Guterres's proposal follows a two-tier structure. The first tier is an outright ban on weapons systems that select and attack targets on their own without meaningful human control. The second tier is strict regulation of other autonomous weapons that don't make kill decisions entirely independently but use AI for other combat functions.
Three Risks Identified by the Science Panel
The Independent International Scientific Panel on AI, which prepared a report for the summit, identified three main risks. The first is the pace of algorithmic development outstripping governments' ability to control it. The second is the concentration of digital power in the hands of a small number of corporations. The third is generative technology's ability to convincingly impersonate reality, undermining public trust and democratic processes.
Guterres described the current stage of AI development as a giant experiment being run on societies without citizens' informed consent. He added that the current generation may be the last with a chance to set the terms for how humans and machines coexist.
Machines that have the power and discretion to take human lives without human control should be prohibited by international law - António Guterres, UN Secretary-General
The Accountability Gap
The key legal problem experts point to is the so-called accountability gap. Current international law has no mechanism for assigning blame when an autonomous system kills an unintended target. It remains unclear whether responsibility falls on the commanding officer, the software maker, or the state that deployed the system.
Human Rights Watch, which has campaigned for years to ban so-called killer robots, backed Guterres's position. The Stop Killer Robots campaign has been pushing for a preemptive ban since 2013, but only now has the issue reached the highest diplomatic level at the UN with a concrete deadline attached.
Four Priorities and US Opposition
Beyond the weapons ban, the UN outlined four priorities for AI governance: common safety standards, inviolable human rights protections, support for developing countries in building their own technological capacity, and full transparency from companies developing AI systems. On top of that came a call for a global commitment to child safety, including rigorous testing of systems before deployment and a zero-tolerance policy on content exploiting minors.

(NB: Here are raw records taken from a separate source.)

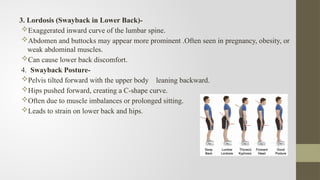 Mobility and Immobility in Nursing...... | PPTX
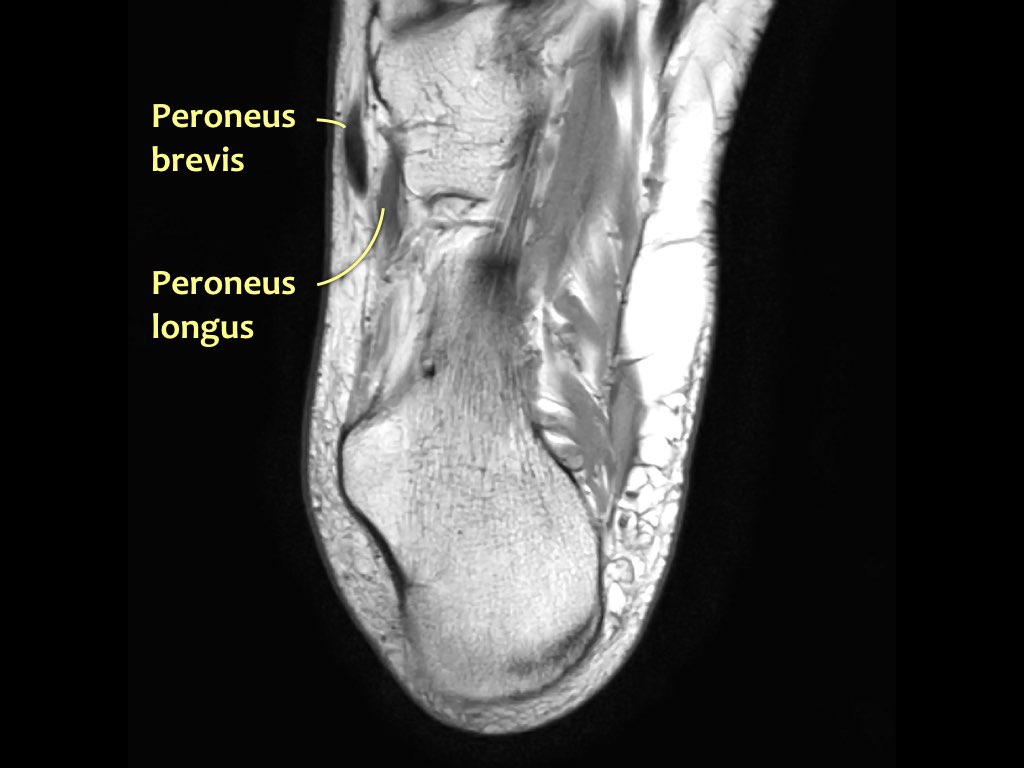 Slide 39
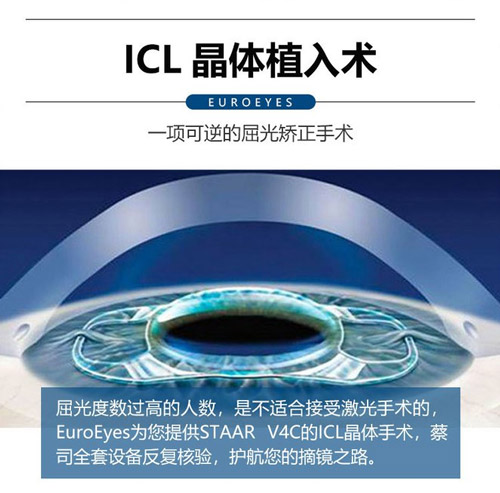 高度近视能做激光手术吗？ ICL晶体手术杭州哪家医院好？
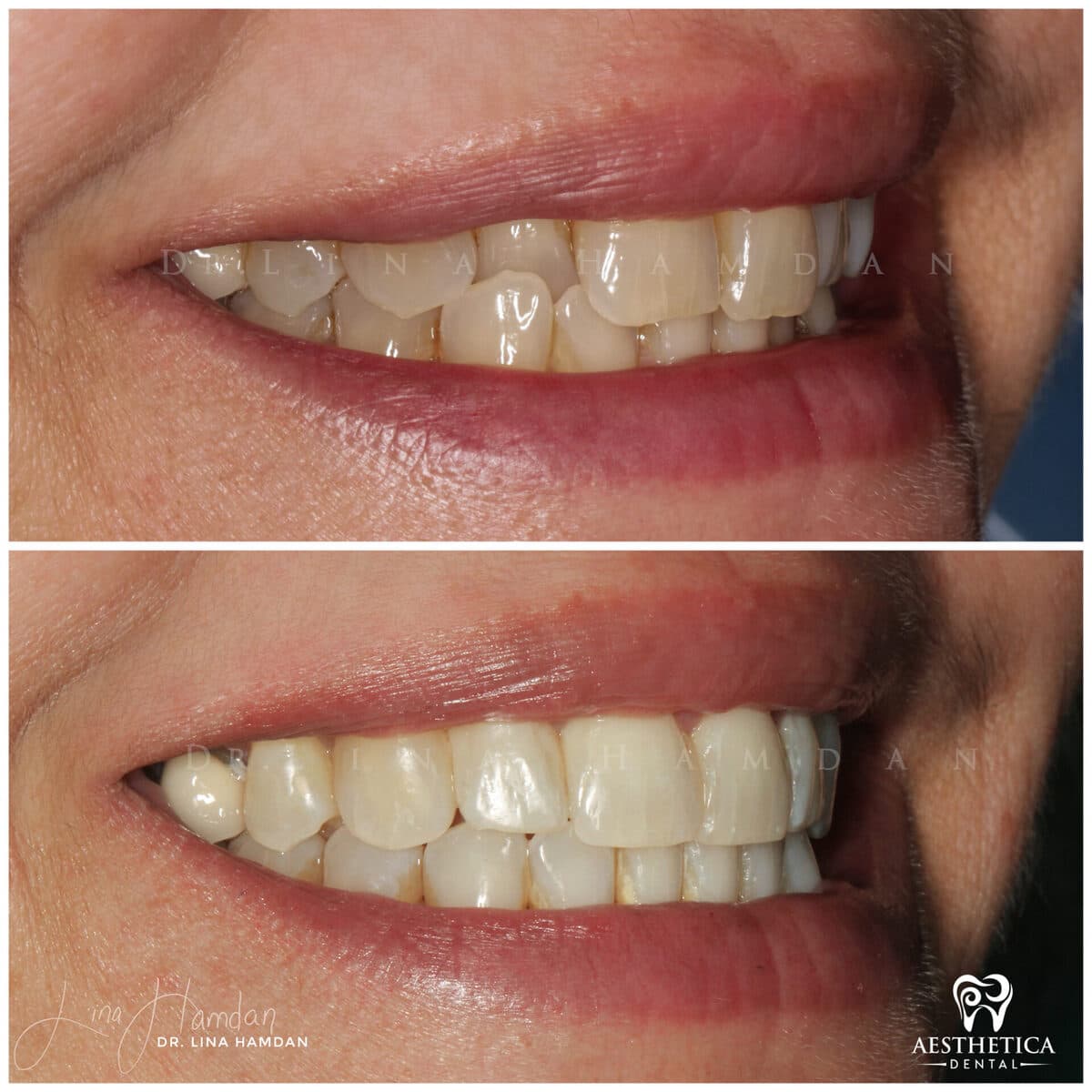 Clear aligners, quietly handled: anonymous case 28 from Aesthetica Dental Naperville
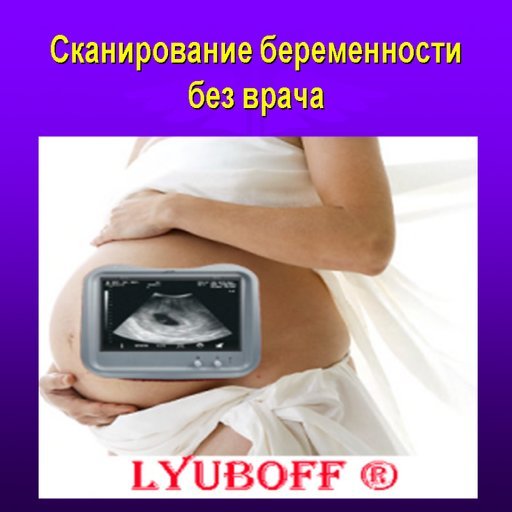 "Scan Pregnancy Animated" HUD "LYUBOFF" (Сканирование беременности для HUD "LYUBOFF")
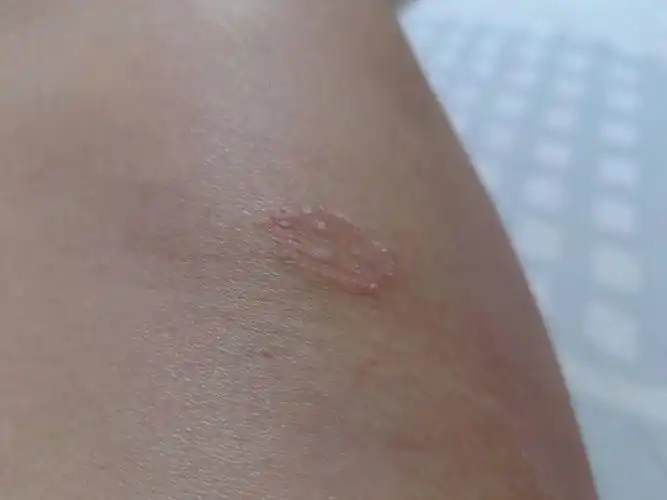 身上起了个癣,不知什么病?也不疼也不痒,请高手鉴定一下.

The United States remains the main obstacle to a binding treaty. Washington consistently favors voluntary codes of conduct over legally binding bans, arguing that autonomous systems can be more precise than frightened soldiers and can reduce civilian casualties. Some military ethicists share this view, arguing that combat robots could lift part of the moral burden of waging war off soldiers' shoulders.
What It Means for Poland
As a NATO member and participant in the AI Act discussions, Poland has a direct stake in the outcome of these negotiations. The development of autonomous systems on NATO's eastern flank, where technologies such as Palantir's platforms already support tracking troop movements, means the question of how far autonomy in weapons should go is no longer theoretical. Any eventual treaty would also affect Poland's domestic defense industry, which is developing unmanned systems.

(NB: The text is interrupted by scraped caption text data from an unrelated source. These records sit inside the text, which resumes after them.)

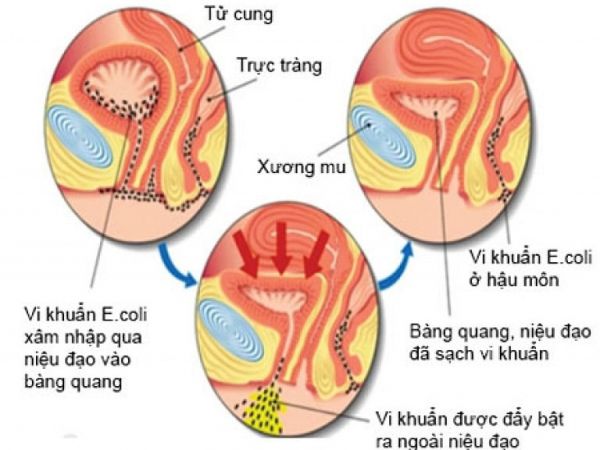 Nhiễm trùng đường tiết niệu - Triệu chứng, nguyên nhân và cách điều trị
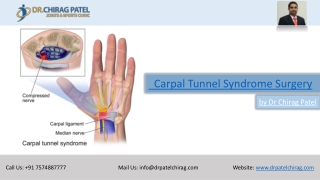 Carpal Tunnel Syndrome Surgery by Dr Chirag Patel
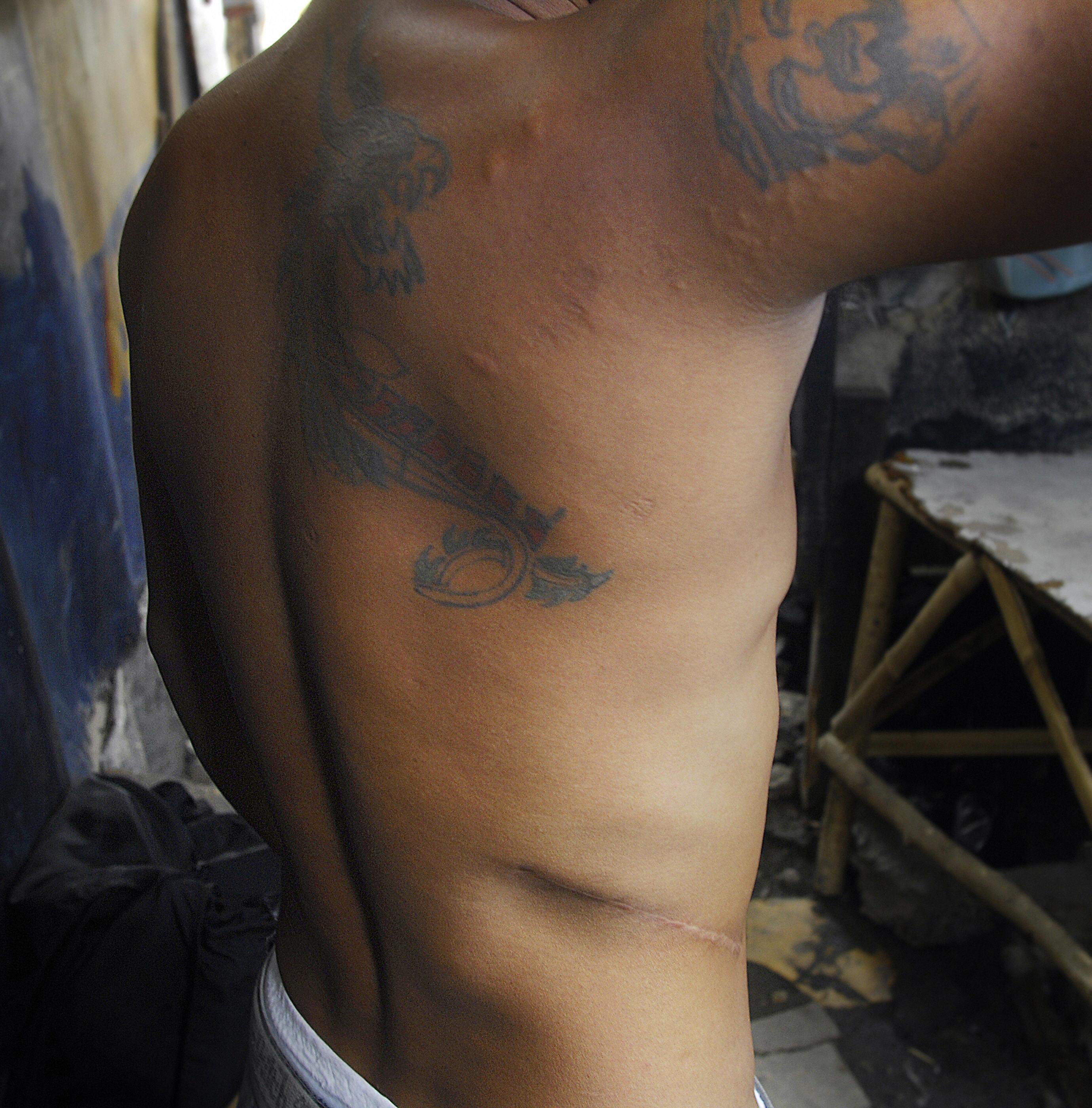Un hombre en Filipinas muestra la cicatriz después de donar un riñón por dinero.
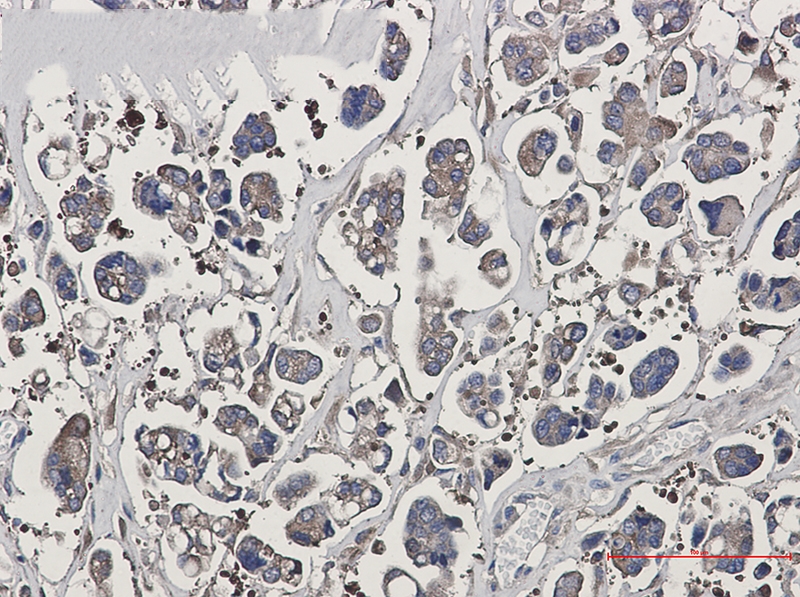 Optineurin Rabbit mAb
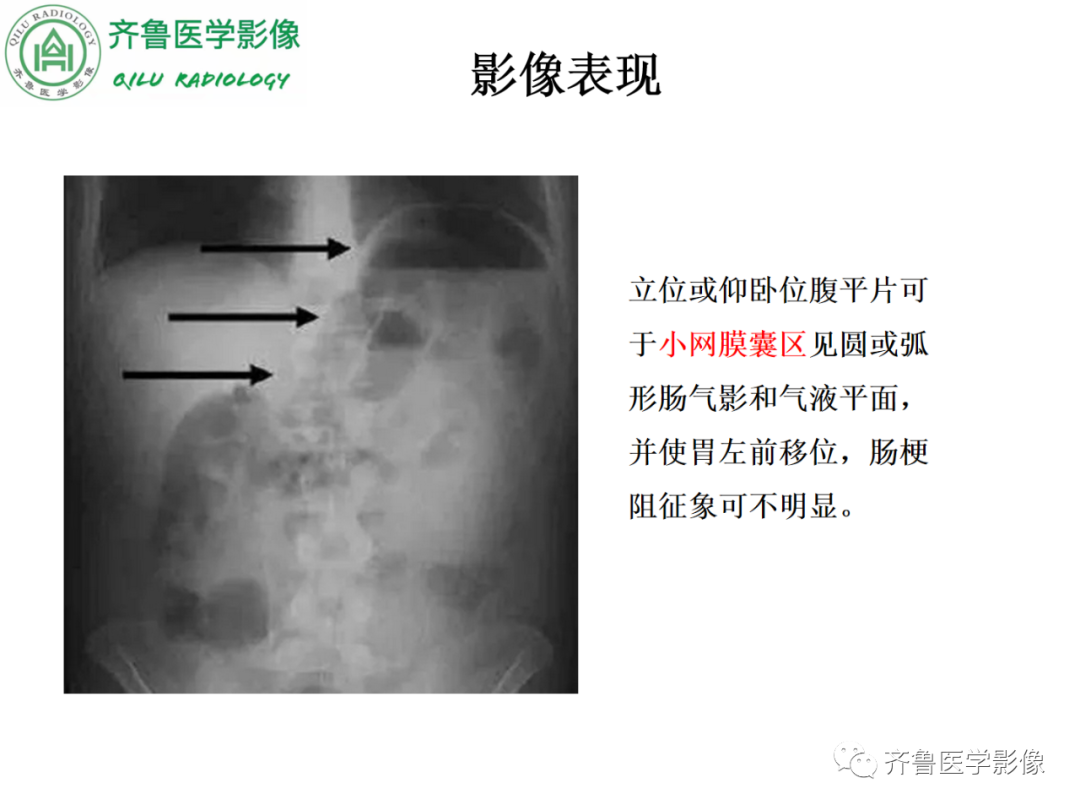 影像PPT - 【PPT】腹内疝-50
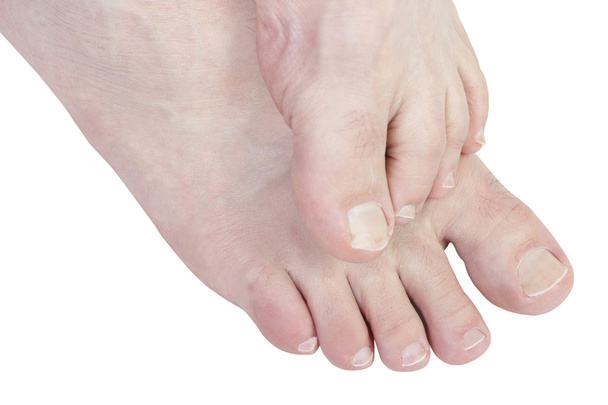 Itchy feet. - Photo, Image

Guterres announced that further rounds of negotiations will take place later this year, with the UN aiming to have the treaty adopted before the end of 2026. Given resistance from the United States and Russia to binding regulation, experts view that deadline as highly ambitious, but they see the very fact that the issue reached a summit with 193 countries as a breakthrough in a discussion that had previously played out mostly among narrow expert circles.